By Ben Fowlkes
January 22, 2010

Mike Swick had gotten used to going back to the locker room a winner. Four straight victories and two-and-a-half years without a loss will do that. But as he sat backstage at the MEN Arena in Manchester, England, after dropping a decision to Dan Hardy at UFC 105, it hit him. For the first time since 2007, he was going home a loser.

"I was devastated," Swick said, reflecting on the bout that likely would have landed him a title shot. "The whole experience, it was just a rough week for me, from beginning to end. It was a lot for me to handle, and the loss really affected me. I hate losing so much."

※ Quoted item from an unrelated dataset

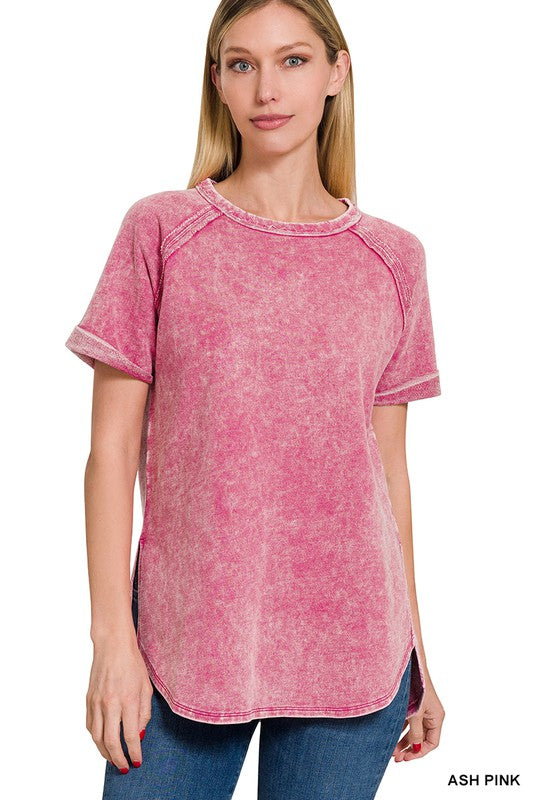 French Terry Acid Wash Short Sleeve Pullover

And he did lose. This much he can admit. Hardy, already the hometown favorite of the British crowd, staggered Swick with his punching power and left an indelible impression on the judges. When the final horn sounded, Swick knew that he'd been beaten. He accepts that. What he can't accept, he says, is the suggestion that Hardy might be the better overall fighter.

"It was clear he won," Swick said. "Hats off to him for that. But I think nine out of 10 times I win that fight. I think he's a good guy and a good fighter, but I just can't swallow that he's the better fighter. I don't believe that."

It doesn't make things any easier to see Hardy propelled to new heights as a result of the win. He faces UFC welterweight champ Georges St. Pierre in a main event bout in March, while Swick gets shuffled back into the middle of the pack to face Paulo Thiago at UFC 109 on Feb. 6.

It's a bitter pill to swallow, particularly for a guy as fiercely competitive as Swick. This is someone who taught himself to golf in a matter of weeks after being embarrassed on the links by his father-in-law.

Losing is bad enough. Losing to someone who goes on to take what he thought would be his title shot is even worse, and he can't bring himself to say that Hardy deserves the opportunity.

"The thing about this sport is, there are so many variables that go into it," Swick said. "He did beat me. And if I would have won then I would have been the No. 1 contender, so you can look at it that way. But just because he won that fight, I don't think that means he deserves a title shot. He's only had three fights in the UFC and he's only had one finish. He hasn't had the same road that a lot of the top welterweights in the UFC have. Even though he beat me, I have to say he doesn't deserve it. If he thinks he does, I'm sorry, but he's wrong."

Swick's bout with Thiago, who is 1-1 against AKA fighters, isn't about team loyalty or any other pre-packaged storyline, he insists. It's about nothing more complicated than an attempt to get back in the win column. As much as he wants another shot at Hardy, and as badly as he'd like to prove that he's the better fighter, wishing isn't going to make it happen.

"I just have to get back in there and keep going," he said. "No matter what I do, [Hardy] is not going to be my next fight. Aside from trying to get that rematch, I also just have to get back on the winning track. That's a huge motivator for me. Feb. 6, I have a chance to do that, to go out there and get a win and not sit on this loss for too long. That's all I'm trying to do right now."

In a division as crowded as the UFC's welterweight class, where everyone has earned their spot and there's always someone else struggling to take yours, nothing is guaranteed.